The answer must consist of each line below that contains the word "Metal", copied in full.

▸ Study material:
══════════

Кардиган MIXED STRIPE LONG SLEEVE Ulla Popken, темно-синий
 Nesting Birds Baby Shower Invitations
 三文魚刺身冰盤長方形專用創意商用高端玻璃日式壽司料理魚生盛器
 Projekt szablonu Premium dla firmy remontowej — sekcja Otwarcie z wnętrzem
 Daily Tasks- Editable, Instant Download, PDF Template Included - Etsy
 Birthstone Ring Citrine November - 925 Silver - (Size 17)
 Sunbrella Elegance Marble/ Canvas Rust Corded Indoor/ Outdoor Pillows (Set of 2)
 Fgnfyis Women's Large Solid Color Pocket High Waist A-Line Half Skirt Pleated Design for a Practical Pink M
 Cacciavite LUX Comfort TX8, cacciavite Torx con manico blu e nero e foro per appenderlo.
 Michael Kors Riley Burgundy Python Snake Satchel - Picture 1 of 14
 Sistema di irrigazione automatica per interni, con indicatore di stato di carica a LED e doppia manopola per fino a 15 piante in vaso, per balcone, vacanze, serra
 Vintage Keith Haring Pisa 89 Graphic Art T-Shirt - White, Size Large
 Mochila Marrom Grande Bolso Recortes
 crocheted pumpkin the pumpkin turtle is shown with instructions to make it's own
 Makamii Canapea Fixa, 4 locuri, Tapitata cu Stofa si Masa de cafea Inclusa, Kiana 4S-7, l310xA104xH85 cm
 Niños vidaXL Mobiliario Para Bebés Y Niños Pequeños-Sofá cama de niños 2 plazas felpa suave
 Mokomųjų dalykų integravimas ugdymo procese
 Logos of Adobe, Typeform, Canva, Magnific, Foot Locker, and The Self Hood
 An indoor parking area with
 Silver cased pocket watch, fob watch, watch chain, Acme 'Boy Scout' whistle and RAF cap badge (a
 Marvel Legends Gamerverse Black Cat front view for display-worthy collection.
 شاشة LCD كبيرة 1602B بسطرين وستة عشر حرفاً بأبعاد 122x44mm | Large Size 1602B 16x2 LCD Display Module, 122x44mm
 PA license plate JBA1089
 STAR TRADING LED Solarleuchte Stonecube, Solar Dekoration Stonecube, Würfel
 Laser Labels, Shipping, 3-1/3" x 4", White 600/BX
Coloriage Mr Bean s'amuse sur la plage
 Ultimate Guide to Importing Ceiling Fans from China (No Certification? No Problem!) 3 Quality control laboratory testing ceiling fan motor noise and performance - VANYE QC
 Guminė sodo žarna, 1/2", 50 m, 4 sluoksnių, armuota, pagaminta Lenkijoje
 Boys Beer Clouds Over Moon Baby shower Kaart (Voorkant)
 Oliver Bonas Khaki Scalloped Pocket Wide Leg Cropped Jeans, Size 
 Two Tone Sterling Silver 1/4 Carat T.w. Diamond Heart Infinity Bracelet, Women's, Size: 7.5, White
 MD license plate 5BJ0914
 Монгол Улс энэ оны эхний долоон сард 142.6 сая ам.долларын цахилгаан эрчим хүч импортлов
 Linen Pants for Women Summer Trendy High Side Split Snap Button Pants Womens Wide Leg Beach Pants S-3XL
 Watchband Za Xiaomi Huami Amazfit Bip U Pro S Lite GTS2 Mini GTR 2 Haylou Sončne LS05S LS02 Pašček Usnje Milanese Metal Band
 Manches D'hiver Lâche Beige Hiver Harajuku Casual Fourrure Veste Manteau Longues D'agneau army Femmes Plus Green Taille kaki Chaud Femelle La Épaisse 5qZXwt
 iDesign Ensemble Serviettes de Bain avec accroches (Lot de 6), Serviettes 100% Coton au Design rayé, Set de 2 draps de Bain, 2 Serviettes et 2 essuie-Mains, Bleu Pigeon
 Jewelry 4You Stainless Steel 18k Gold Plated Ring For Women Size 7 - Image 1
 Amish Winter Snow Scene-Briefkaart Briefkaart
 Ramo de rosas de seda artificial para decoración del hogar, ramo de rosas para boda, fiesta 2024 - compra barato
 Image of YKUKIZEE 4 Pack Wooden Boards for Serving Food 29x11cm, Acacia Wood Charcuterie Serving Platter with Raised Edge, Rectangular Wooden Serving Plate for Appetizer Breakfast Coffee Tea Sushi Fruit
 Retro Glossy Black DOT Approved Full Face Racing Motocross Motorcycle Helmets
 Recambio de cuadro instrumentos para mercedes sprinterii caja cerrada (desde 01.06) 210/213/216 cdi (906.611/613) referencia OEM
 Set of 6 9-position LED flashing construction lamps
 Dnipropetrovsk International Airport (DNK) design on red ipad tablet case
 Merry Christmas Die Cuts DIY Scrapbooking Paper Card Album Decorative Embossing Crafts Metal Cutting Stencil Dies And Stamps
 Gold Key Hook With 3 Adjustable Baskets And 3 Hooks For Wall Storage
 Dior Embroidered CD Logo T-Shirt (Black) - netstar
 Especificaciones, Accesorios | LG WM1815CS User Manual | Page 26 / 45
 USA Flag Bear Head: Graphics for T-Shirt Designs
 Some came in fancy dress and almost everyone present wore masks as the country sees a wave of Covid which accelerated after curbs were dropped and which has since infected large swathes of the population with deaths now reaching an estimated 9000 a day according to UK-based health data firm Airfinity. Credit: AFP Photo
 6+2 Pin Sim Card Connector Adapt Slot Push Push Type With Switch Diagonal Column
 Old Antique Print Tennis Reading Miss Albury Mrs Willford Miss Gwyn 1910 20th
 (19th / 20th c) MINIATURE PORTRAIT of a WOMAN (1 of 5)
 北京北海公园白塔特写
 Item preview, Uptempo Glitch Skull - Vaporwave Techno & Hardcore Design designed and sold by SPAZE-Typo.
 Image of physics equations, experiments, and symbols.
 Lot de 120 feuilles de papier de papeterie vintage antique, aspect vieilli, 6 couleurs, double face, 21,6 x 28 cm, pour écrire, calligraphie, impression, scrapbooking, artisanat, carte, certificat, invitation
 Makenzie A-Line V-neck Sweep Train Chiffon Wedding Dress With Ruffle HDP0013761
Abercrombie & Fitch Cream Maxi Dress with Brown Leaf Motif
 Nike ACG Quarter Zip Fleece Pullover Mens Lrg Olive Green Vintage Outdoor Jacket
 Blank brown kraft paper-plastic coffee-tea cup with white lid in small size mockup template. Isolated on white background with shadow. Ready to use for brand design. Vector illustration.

══════════

▸ Expected output:
 Watchband Za Xiaomi Huami Amazfit Bip U Pro S Lite GTS2 Mini GTR 2 Haylou Sončne LS05S LS02 Pašček Usnje Milanese Metal Band
 Merry Christmas Die Cuts DIY Scrapbooking Paper Card Album Decorative Embossing Crafts Metal Cutting Stencil Dies And Stamps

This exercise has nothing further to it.